Unions need to really think in terms of new strategies. This, I think, would also imply ending the centrality of collective bargaining strategies, which just cannot be effective where workers do casual labour, change jobs frequently, and so on. There is the example such as the Industrial Workers of the World, a very influential workers organisation in the United States before the First World War, whose membership was not very stable, which did not engage in collective bargaining. The aim was not collective bargaining but just forcing employers to do something.

But what was most important was that they did not differentiate between different branches of workers, or exclude any group, they welcomed all workers – miners, harvest workers, others.

The decline or absence of trade unions is also a spur for the re-invention of classical mutualist structures. Early forms of organisational cooperation in Europe were usually based on mutualism, that is on mutual help as in friendly societies and similar structures in which self-employed workers assist each other in times of sickness or unemployment. Trade unions often came later or developed out of these mutualist organisations.

All over the world, we are seeing the re-emergence of mutual aid societies. New means of communication and transport may then also make it easier and cheaper to build organisational structures. In a few advanced economies, even academics looking for regular work, surviving on translation work, have formed informal networks, which is similar to mutualist structures. In India too, such informal networks of casual workers exist.

Worker at a construction site in New Delhi. Photo credit: Anumeha Yadav

Where does the sharing economy – based on sharing of assets on the internet such as by cab aggregators like Uber or websites like Airbnb – leave workers’ rights?
With the arrival of the modern communication and transport technologies [including the Internet] transaction costs become much less important, relatively speaking.

But the sharing economy is not very new. For instance, in The Netherlands, decades back, women would share a washing machine as most households could not afford it, and paid the owner for its use.

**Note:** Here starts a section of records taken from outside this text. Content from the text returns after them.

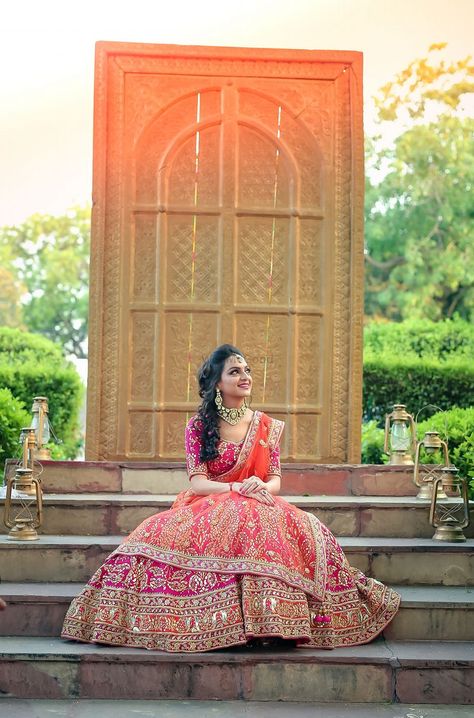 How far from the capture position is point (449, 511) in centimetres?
552

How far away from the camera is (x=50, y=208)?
85.9ft

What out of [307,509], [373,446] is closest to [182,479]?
[307,509]

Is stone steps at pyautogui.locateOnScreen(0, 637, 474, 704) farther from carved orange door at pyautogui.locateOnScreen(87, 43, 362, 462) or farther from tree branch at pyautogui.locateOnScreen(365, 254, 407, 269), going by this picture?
tree branch at pyautogui.locateOnScreen(365, 254, 407, 269)

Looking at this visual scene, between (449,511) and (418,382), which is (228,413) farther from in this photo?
(418,382)

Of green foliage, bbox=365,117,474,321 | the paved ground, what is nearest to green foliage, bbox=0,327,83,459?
the paved ground

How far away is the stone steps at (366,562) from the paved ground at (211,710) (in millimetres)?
974

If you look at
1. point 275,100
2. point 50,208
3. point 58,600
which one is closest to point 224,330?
point 275,100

What is different now is that there is also a lot of ideology going on in its current form around this idea of a gig economy. In a lot of places, sharing assets through websites like Airbnb is simply increasing the rents in cities where tourists come to. This cannot be called social progress if it does not enhance individuals’ capacities.

The assumptions of the last 25 years around globalisation are being questioned, and political and social barriers to migration are higher than before. There is a trend of strident, anti-immigration nationalism. What are the political implications categorising workers in terms of ethnicity, or as migrants?
In the world economy, there is a group which is stable and well paid, and then there are migrants who are willing to work for less pay, and this has hardened into a tough distinction. “We cannot trust them”, “They will take away our jobs”, and “They do not smell ok” – such biases against migrants is a global phenomenon, whether Mexican workers in the United States, or Bihari workers in Mumbai.

Some workers are resisting [this] by wanting to throw the migrants out. A second response is to have a system where the migrants are legally sidelined, like apartheid. The third option is that of solidarity – to say, “We want to raise the levels of all workers, so that they are no longer competitors”, but this is rare.

Inequalities are increasing, yet we see the continuation of structures and policies that reinforce income and social inequalities. A few working class intellectuals in India have questioned that despite changes in government we are stuck in systems where workers remain workers, and employers remain employers.
Distinctions between employers and workers may reduce over time, especially if all children get access to at least a good secondary-level education. Then, more and more intellectuals will come from working class backgrounds. In India, there are also the rigid divisions of a caste society. There has been a President [of India] from a lower caste, but that has definitely not led to a substantive difference from the logic of development.